Twelve Oregon non-profits received grants amounting to over $5 million:
- The African Youth & Community Organization (AYCO): The grant funding will serve victims of domestic violence, sexual assault, and hate crimes for the North African refugee community in the Portland metro area and in Ontario, Oregon.
- Muslimahs United: The grant funding will serve Muslim women with a focus on Muslim women of color who are victims of domestic violence, sexual assault, hate crimes, stalking and general victimization in the Portland Metro area.
- Bridges Oregon: The grant funding will serve victims of domestic violence, sexual assault, stalking, hate and bias, child abuse and general victimization who are Deaf, Deafblind, or Hard of Hearing across Oregon.
- Disability Rights Oregon: The grant funding will support victims of domestic violence, sexual assault, hate and bias, stalking, child abuse and all other types of criminal victimization, for people with disabilities of all ages, across Oregon.
- El Programa Hispano Católico: The grant funding will expand access to advocacy and mental health care for Latinx and Indigenous victims of domestic violence and sexual assault in the Portland metro area.
- Raphael House of Oregon: The grant funding will expand services for Latinx survivors of domestic violence, sexual assault, stalking and child abuse in the Portland metro area.
- Center for Hope and Safety: The grant funding will expand services for Latinx, undocumented Oregonians, immigrants, migrant farm workers, asylum seekers and refugees who are victims of sexual assault and stalking in the Mid-Willamette Valley region.
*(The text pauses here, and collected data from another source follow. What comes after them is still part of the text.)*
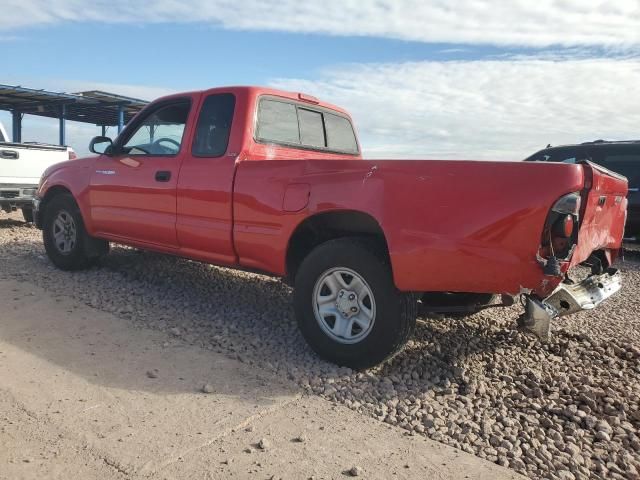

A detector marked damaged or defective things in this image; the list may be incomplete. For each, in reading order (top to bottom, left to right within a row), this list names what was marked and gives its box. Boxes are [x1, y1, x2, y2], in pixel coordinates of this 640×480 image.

damaged rear bumper [520, 268, 620, 340]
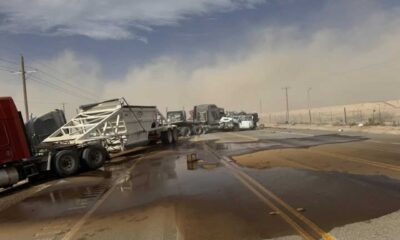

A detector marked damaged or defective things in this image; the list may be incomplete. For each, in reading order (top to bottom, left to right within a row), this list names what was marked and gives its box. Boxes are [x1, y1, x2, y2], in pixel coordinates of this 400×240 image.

white damaged trailer [39, 97, 178, 176]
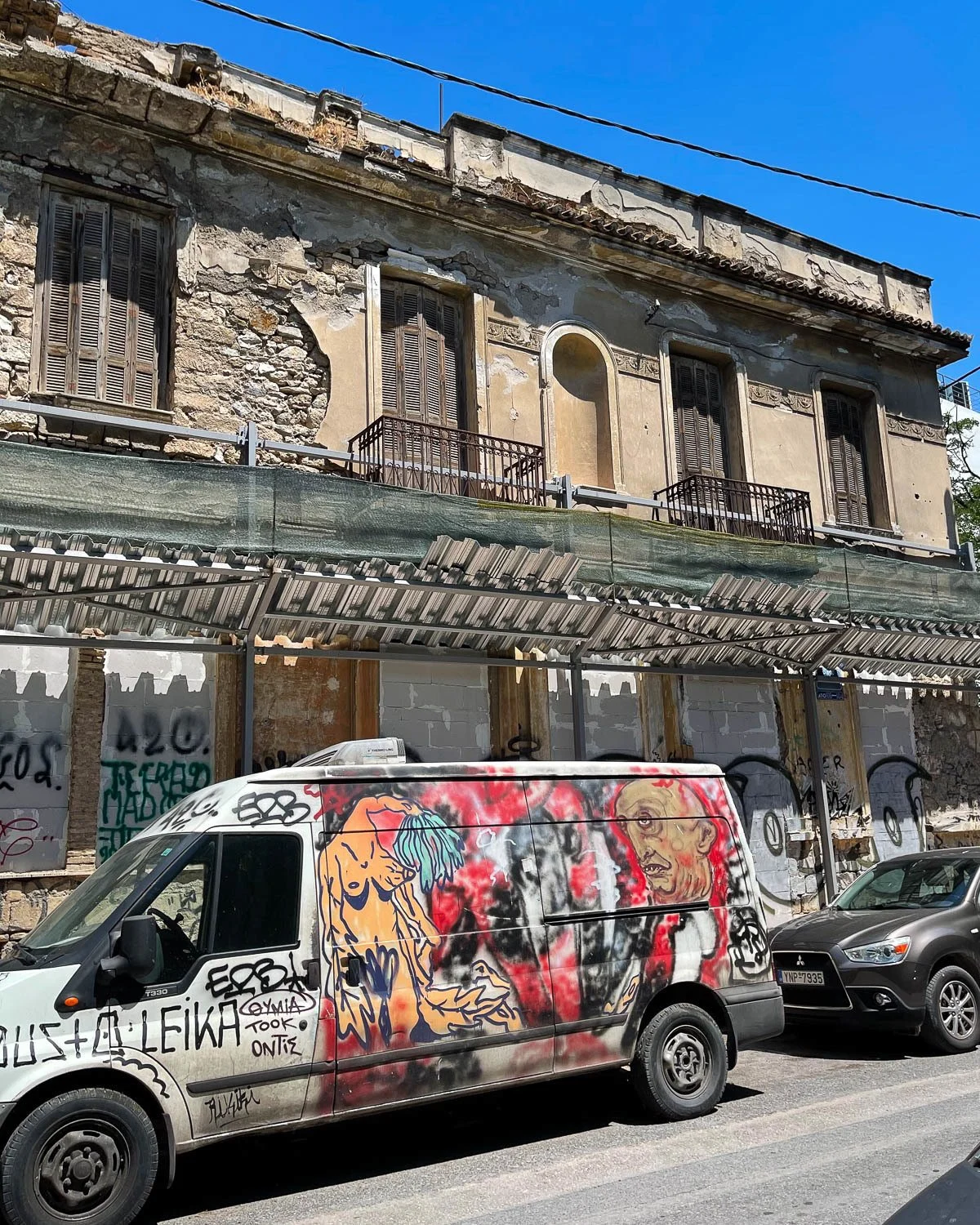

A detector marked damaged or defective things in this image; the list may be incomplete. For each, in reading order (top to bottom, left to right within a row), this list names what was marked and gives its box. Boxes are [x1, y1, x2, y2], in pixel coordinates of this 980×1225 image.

rusty iron balcony [348, 415, 549, 506]
rusty iron balcony [653, 474, 817, 546]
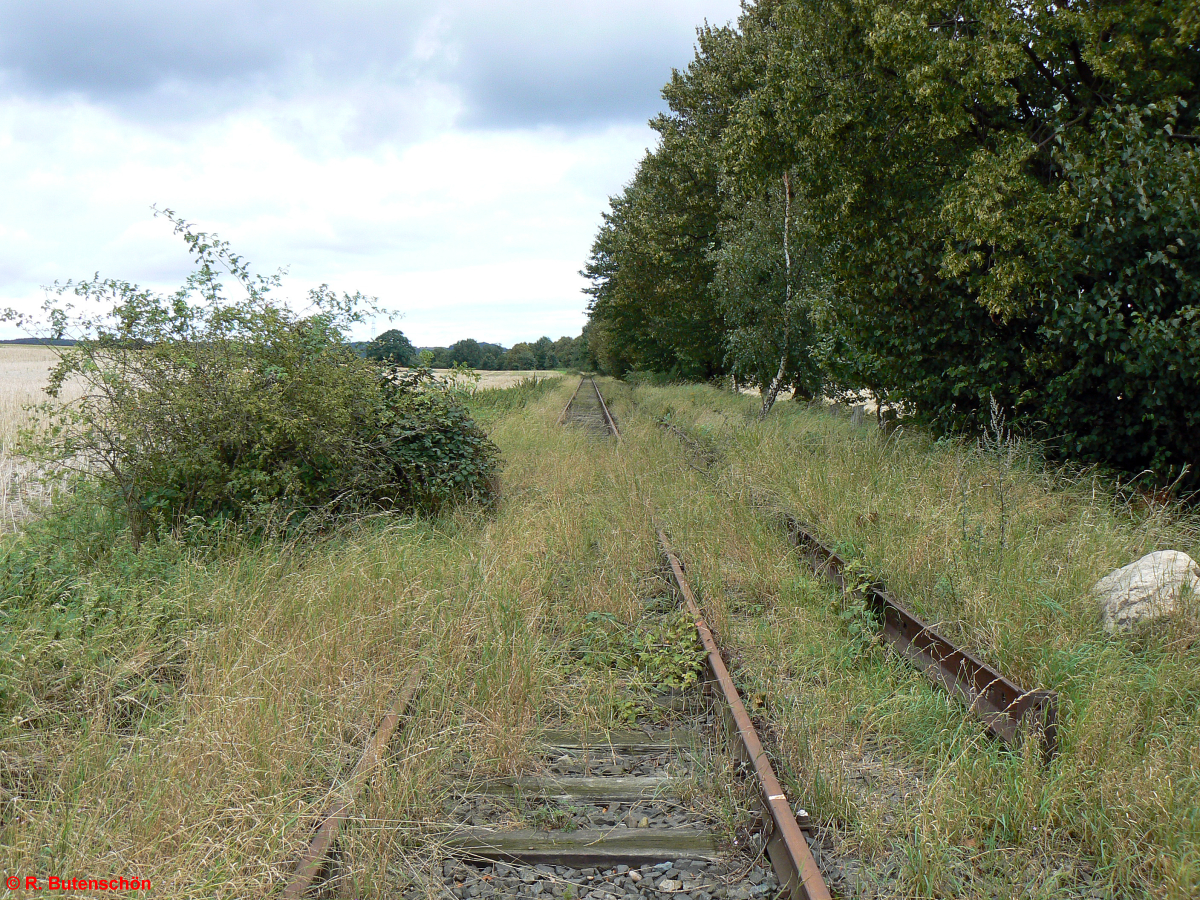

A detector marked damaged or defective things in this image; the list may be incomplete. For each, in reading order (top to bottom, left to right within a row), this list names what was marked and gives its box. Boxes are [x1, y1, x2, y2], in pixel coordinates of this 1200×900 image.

rusty rail [588, 376, 620, 440]
rusty rail [282, 664, 426, 896]
rusty rail [656, 528, 836, 900]
rusty rail [788, 520, 1056, 760]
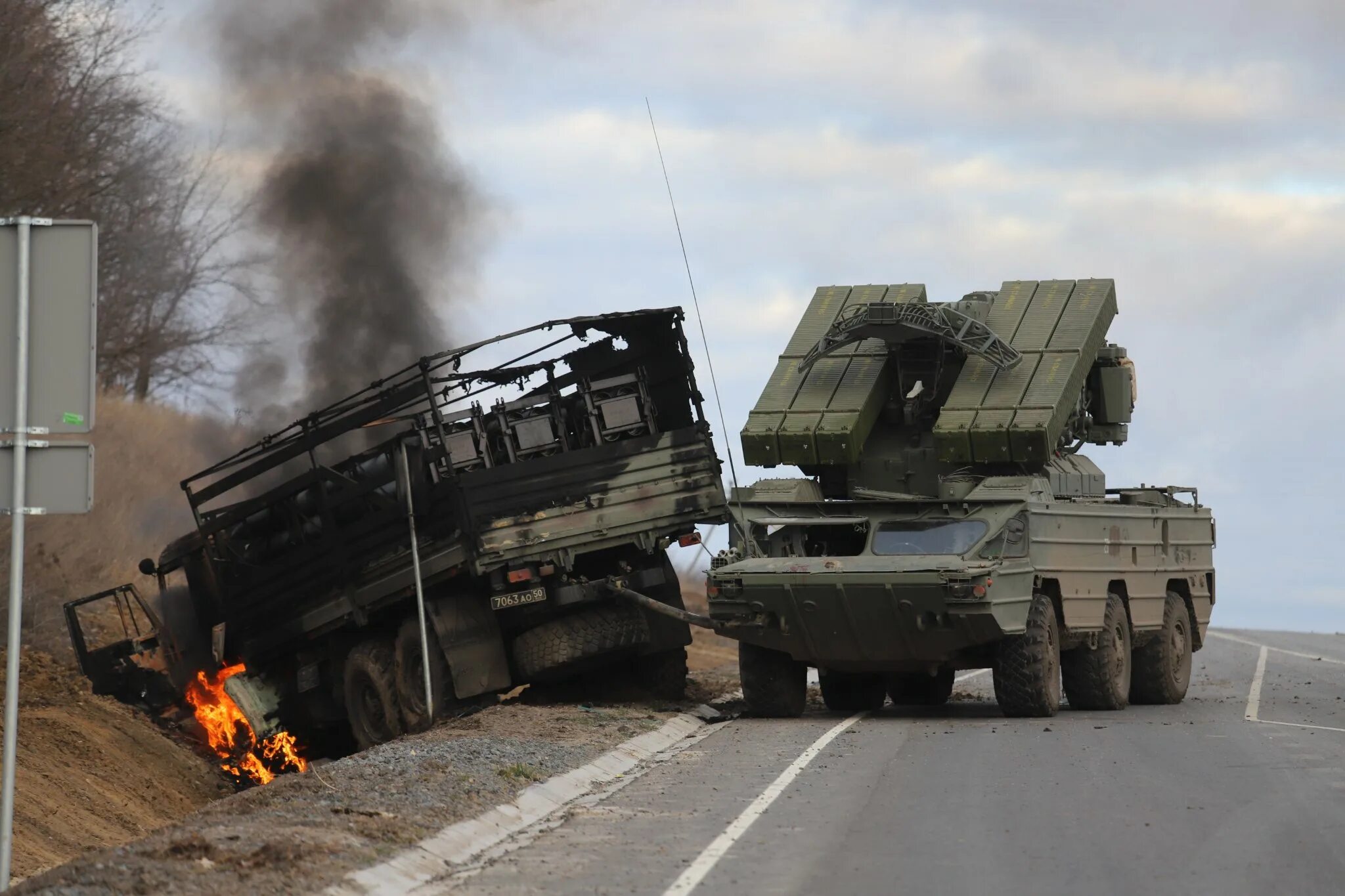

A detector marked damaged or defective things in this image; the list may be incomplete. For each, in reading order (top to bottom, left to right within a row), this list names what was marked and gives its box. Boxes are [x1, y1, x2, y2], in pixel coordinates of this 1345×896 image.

destroyed vehicle [66, 309, 725, 751]
destroyed vehicle [709, 284, 1214, 719]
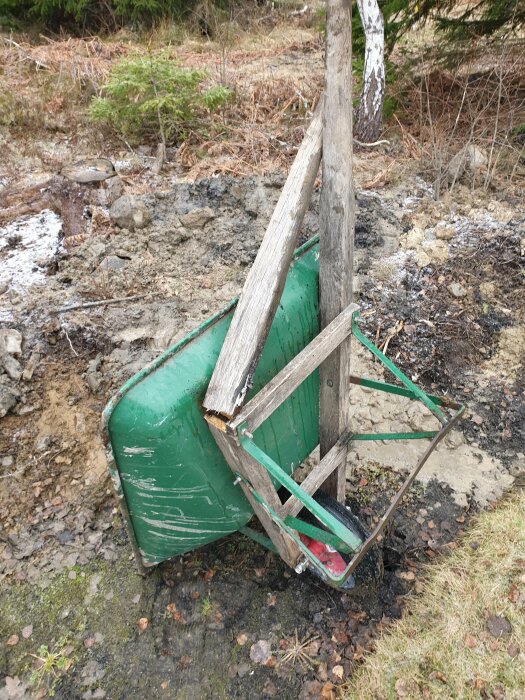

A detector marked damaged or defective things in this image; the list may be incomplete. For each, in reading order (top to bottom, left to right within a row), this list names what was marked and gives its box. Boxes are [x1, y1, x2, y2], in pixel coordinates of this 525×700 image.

- Bradley Angle: The grant funding will expand services for lesbian, gay, bisexual, transgender, intersex, queer, asexual and two-spirit + victims of domestic violence in the Portland metro area and across Oregon.
- Northwest Family Services: The grant funding will serve Latinx victims of domestic violence in the Portland metro region by supporting Casa Esperanza, Northwest Family Services’ Latinx domestic violence shelter with a day/night shelter advocate and an outreach and education advocate.
- Ecumenical Ministries of Oregon/Russian Oregon Social Services: The grant funding will expand services to Russian speaking immigrants and refugees who are victims of domestic violence or sexual assault within the Portland Metro area.
- Lutheran Community Services Northwest: The grant funding will support immigrant and refugee victims of domestic violence, sexual assault, stalking, hate and bias, child abuse and general victimization in the Portland metro region.
- Oregon Abuse Advocates & Survivors in Service: The grant funding will focus on Black and African American adult survivors of child sexual assault within the Portland metro and Willamette Valley regions.
“I am genuinely hopeful that with the recommendations in the report of the Community Conversations—and these grants—DOJ will move further along the path to holistically address issues of access, discrimination, bias and hate throughout Oregon,” said AG Rosenblum.
The Attorney General thanked DOJ Civil Rights Director Fay Stetz-Waters, DOJ Bias Response Coordinator Johanna Costa, CVSSD Grant Fund Coordinator Benjamin Bradshaw, and CVSSD Director Shannon Sivell for their work facilitating the conversations and preparing the report.
The Oregon Department of Justice is led by Attorney General Ellen Rosenblum and serves as the state’s law firm.